The Maids (1947), now in a faithful but flawed production by the Gypsy Theatre, was Genet's first attempt to equate reality with appearance and appearance with a sick game. Based on the real-life 1933 murder of a mistress by domestics (and sisters) Christine and Lea Papin, the one-act opens as an elegant lady is dressed by her maid. Madame is demanding and arrogant; the maid, patient and obsequious. "You're hideous," says Madame. "Lean over and look at yourself in my shoes." Gradually the maid becomes angry, slapping Madame; gradually we become aware that their relationship is strange, exaggerated.

Soon an alarm clock rings, waking the audience up to the fact that both women are servants, acting out a never-completed ritual of domination, abasement and rebellion whenever the real Madame is out. These are sisters in a charade: the dominant Solagne has been pretending to be the weaker Claire, while Claire has been Madame.

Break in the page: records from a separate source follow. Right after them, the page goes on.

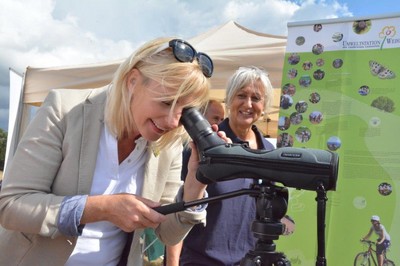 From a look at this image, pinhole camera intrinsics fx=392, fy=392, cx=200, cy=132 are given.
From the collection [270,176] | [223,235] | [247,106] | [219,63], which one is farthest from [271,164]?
[219,63]

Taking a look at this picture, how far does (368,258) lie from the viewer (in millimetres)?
1646

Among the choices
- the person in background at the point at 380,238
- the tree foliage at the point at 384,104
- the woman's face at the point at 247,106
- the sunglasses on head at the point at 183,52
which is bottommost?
the person in background at the point at 380,238

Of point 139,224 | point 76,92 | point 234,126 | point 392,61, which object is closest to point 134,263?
point 139,224

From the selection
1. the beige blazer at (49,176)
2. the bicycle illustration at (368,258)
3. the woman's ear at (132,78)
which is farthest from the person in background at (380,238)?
the woman's ear at (132,78)

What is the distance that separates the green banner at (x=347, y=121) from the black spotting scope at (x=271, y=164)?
111 cm

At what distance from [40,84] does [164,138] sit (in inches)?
119

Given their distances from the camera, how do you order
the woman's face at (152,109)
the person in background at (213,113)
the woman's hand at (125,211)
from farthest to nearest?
the person in background at (213,113), the woman's face at (152,109), the woman's hand at (125,211)

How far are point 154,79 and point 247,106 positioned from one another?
0.78 m

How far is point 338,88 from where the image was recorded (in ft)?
5.80

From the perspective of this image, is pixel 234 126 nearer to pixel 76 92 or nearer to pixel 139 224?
pixel 76 92

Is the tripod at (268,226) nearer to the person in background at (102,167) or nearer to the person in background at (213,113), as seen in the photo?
the person in background at (102,167)

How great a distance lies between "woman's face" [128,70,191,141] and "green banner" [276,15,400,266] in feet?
3.48

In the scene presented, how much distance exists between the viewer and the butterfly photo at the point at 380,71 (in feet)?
5.45

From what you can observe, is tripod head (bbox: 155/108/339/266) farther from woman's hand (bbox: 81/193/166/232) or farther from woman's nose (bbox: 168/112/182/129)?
woman's nose (bbox: 168/112/182/129) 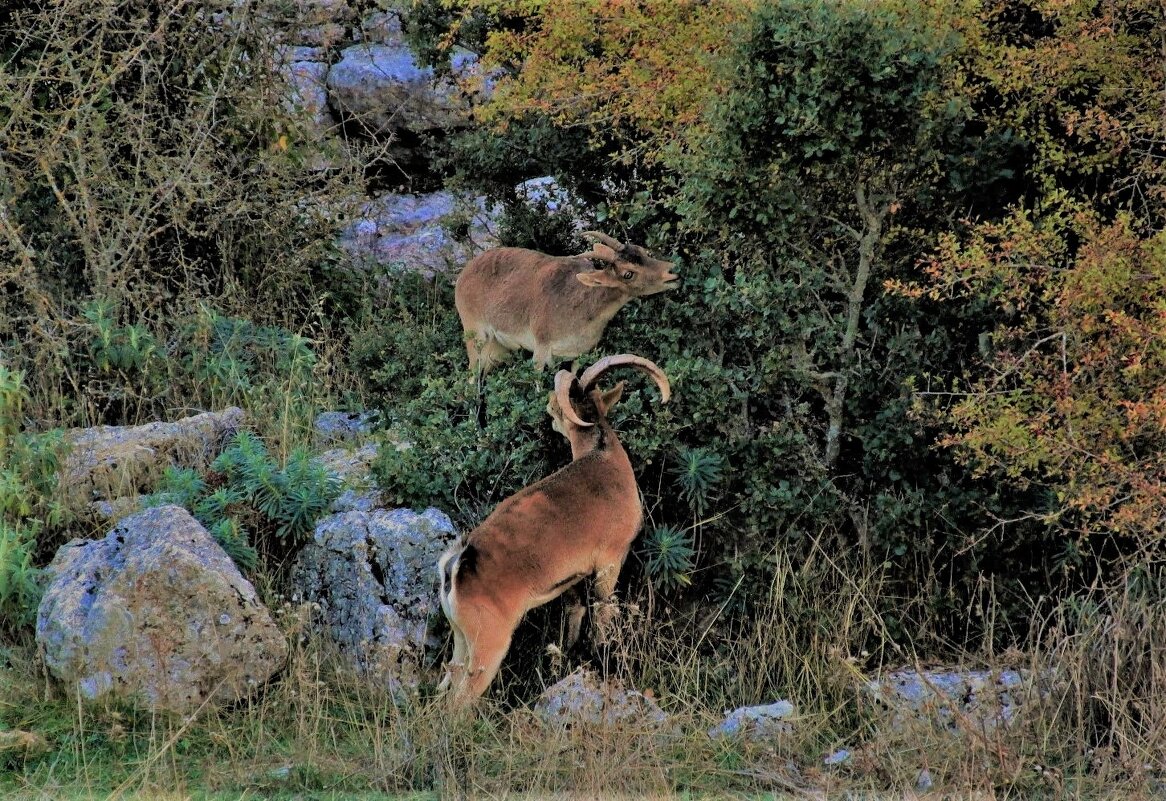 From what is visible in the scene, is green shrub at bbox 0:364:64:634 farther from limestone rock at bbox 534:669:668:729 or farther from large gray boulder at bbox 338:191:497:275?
large gray boulder at bbox 338:191:497:275

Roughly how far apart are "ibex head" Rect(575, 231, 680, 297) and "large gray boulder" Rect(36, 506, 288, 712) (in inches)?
128

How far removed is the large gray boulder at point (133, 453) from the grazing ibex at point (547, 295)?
185 centimetres

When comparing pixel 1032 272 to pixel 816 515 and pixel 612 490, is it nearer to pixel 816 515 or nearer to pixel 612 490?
pixel 816 515

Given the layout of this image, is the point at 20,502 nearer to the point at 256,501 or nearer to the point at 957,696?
the point at 256,501

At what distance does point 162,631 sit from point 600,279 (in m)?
3.75

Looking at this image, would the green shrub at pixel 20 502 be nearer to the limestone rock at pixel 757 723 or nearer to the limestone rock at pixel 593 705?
the limestone rock at pixel 593 705

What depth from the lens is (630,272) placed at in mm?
10406

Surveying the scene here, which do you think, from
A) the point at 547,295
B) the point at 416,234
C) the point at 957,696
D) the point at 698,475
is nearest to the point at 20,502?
the point at 547,295

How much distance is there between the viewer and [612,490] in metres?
8.90

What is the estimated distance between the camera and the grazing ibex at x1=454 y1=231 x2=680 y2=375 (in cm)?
1045

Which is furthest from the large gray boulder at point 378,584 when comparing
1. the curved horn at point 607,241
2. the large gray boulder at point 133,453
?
the curved horn at point 607,241

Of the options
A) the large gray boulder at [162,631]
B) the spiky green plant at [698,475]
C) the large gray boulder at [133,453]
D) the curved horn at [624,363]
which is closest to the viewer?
the large gray boulder at [162,631]

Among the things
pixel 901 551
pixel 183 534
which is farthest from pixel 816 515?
pixel 183 534

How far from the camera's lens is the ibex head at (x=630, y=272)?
10398 millimetres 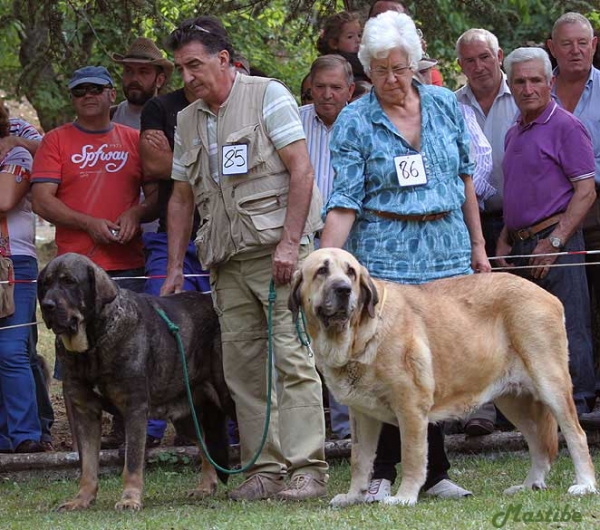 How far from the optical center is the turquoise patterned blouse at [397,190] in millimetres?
6844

Deeply resenting their inferior social position, the maids try to punish Madame, who's blithely unaware of their bitterness, by betraying her criminal lover to the police. But he is quickly released, and in fear, or out of jealousy, the maids decide to poison Madame. When this fails, they resort to their play-acting. Only now the gestures become real: Claire-as-Madame calls for and drinks poison, leaving Solagne (or Solagne-as-Claire) to lament and eulogize the futility of the outcast -- or the upriser.

Under the direction of Charlene Hudgins, the Gypsy Theatre Company dutifully stocks its production with Genet necessities. The boudoir set (designed by Hudgins and technical director Chip Manfre), full of candles, flowers, a coat rack of fluorescent fright wigs and garish paintings of notorious women who've killed, jibes with Genet's symbolism, mysticism and ceremony. Furthermore, the playing area is ingeniously encompassed by a large, suspended hoop from which wide, amply spaced strips of sheets descend; this open-air construct lends a necessary theatricality to the goings-on. In accordance, Hudgins directs herself (Solagne), Constance O'Brien (Claire) and Linda Flores (Madame) to gesture stylistically, move ritualistically and recite formulaically.

Yet strangely, these are to little effect. It's as if the actors follow instructions but don't know why they're doing so or how to implement them suitably. Their conduct should assault and hypnotize, but their enunciation is dangerously close to bad foreign B-movies dubbed into English, their movements to showroom models on The Price Is Right. What's more, the production fails to emotionalize and purify the intensity of the action and of Genet's searing language, denying the audience the impetus to transform things to metaphorical levels. The incestuous overtures between the sisters are insufficiently hinted at, and the significance of Claire's self-sacrifice is passed over. Most problematic is that Hudgins gives away the charade from the very beginning; she deprives the audience of the Pirandello-ish astonishment that begins with the sound of the alarm clock.

What with excessive white-powder make-up and Manfre's glaring light changes and background music with lyrics about games and obsessions, it seems to have been a conscious decision on Hudgins' part not to foreshadow the role reversals and power plays but to telegraph them.

Her tactic rightly discards all notions of empirical reality, but it also abandons Genet's unsettling hold on his audience. The Gypsy Theatre Company, bravely producing an intimidating playwright, would have done better to reveal the game of life just as the maids remove the protective sheets covering the boudoir furniture: slowly, to the accruing pace of momentous discovery.